━━━ Source information

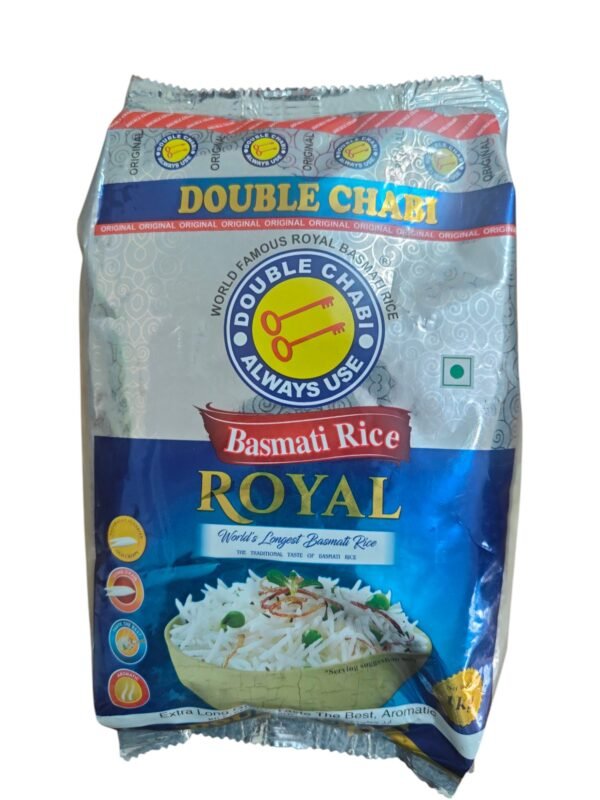 Double Chabi Royal Basmati Rice 1 kg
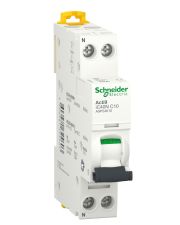 Автоматичний вимикач Schneider Electric Acti9 A9P54610 1P+N 10А C 6кА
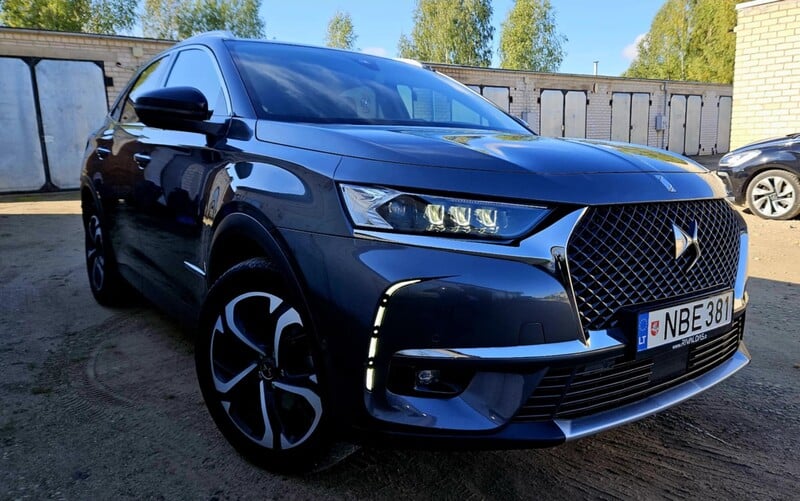 Nuotrauka 23 - Citroen DS7 Crossback 2018 m Visureigis / Krosoveris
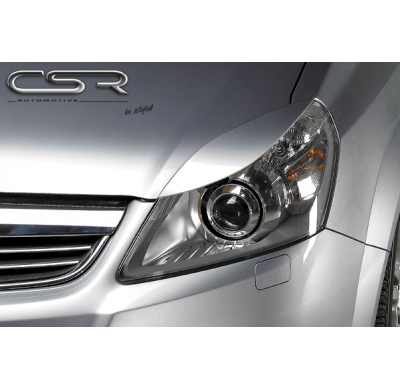 PESTAÑAS FAROS DELANTEROS ABS Opel Zafira B  Todos modelos Modelle AÑO  Desde 2005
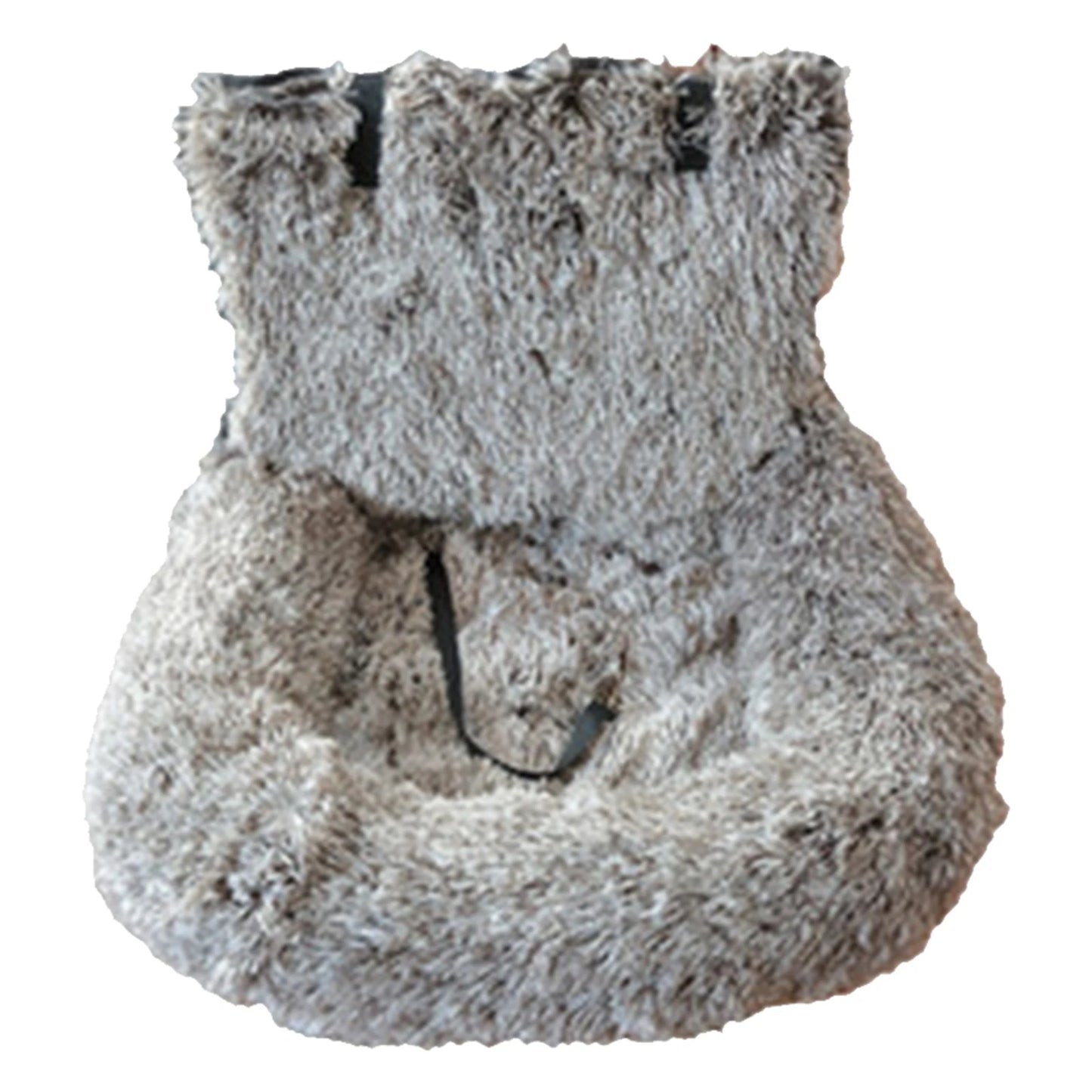 CozyPaw-Dog Car Seat with Cushion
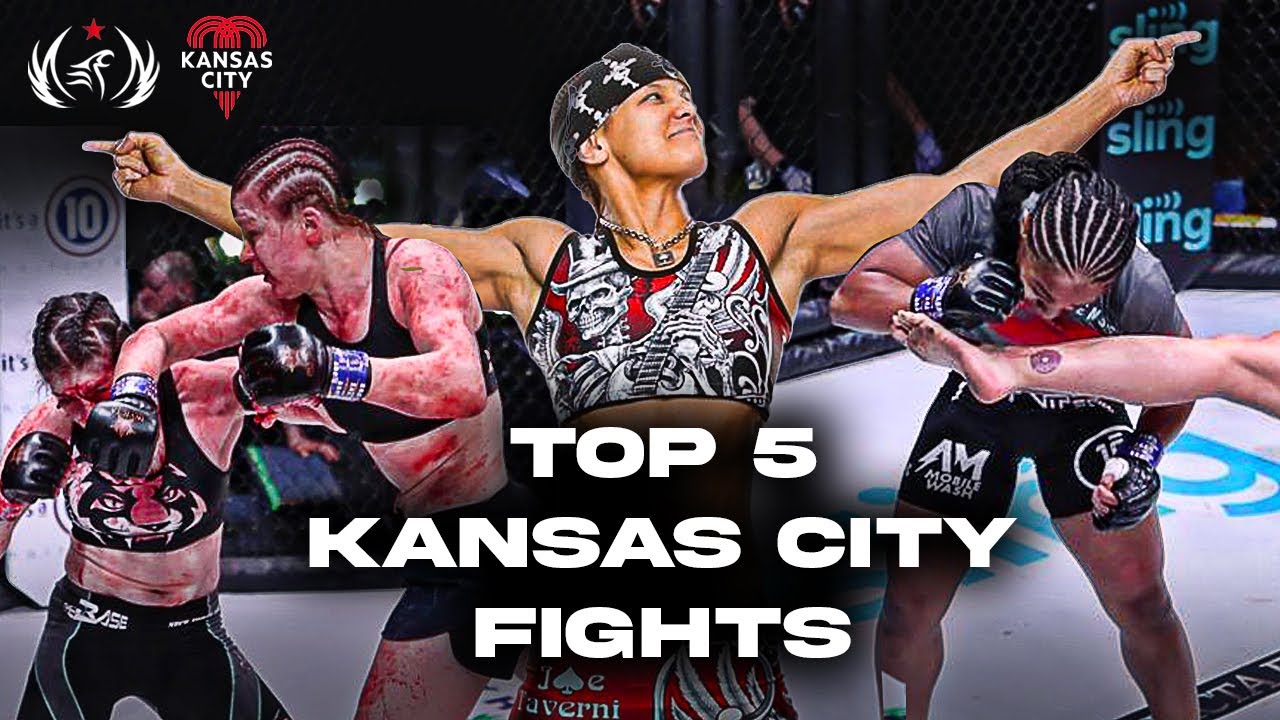 The Top 5 MUST WATCH Fights in Kansas City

━━━━━━

Work item:
Set down the data above word for word, leaving every picture out.

Exercise answer:
 Double Chabi Royal Basmati Rice 1 kg
 Автоматичний вимикач Schneider Electric Acti9 A9P54610 1P+N 10А C 6кА
 Nuotrauka 23 - Citroen DS7 Crossback 2018 m Visureigis / Krosoveris
 PESTAÑAS FAROS DELANTEROS ABS Opel Zafira B  Todos modelos Modelle AÑO  Desde 2005
 CozyPaw-Dog Car Seat with Cushion
 The Top 5 MUST WATCH Fights in Kansas City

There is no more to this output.